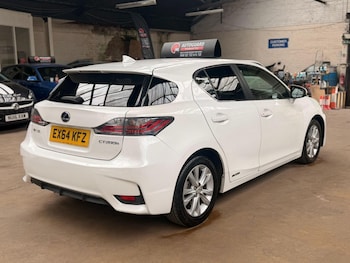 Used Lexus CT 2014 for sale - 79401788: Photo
════
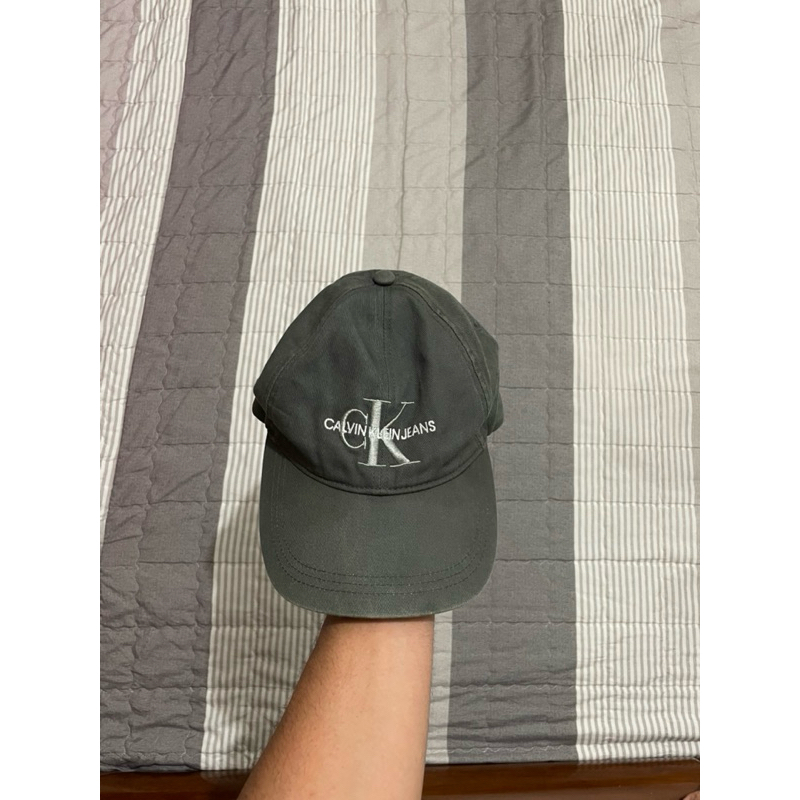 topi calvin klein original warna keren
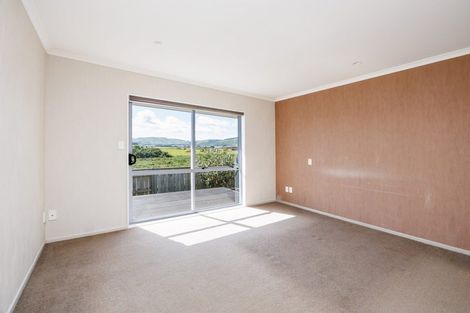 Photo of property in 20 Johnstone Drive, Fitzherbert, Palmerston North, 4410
════
Give back exactly the lines of the listing above from the one that contains "topi calvin klein original warna keren" up to and including the one that contains "Photo of property", but not the pictures, and no other lines.

 topi calvin klein original warna keren
 Photo of property in 20 Johnstone Drive, Fitzherbert, Palmerston North, 4410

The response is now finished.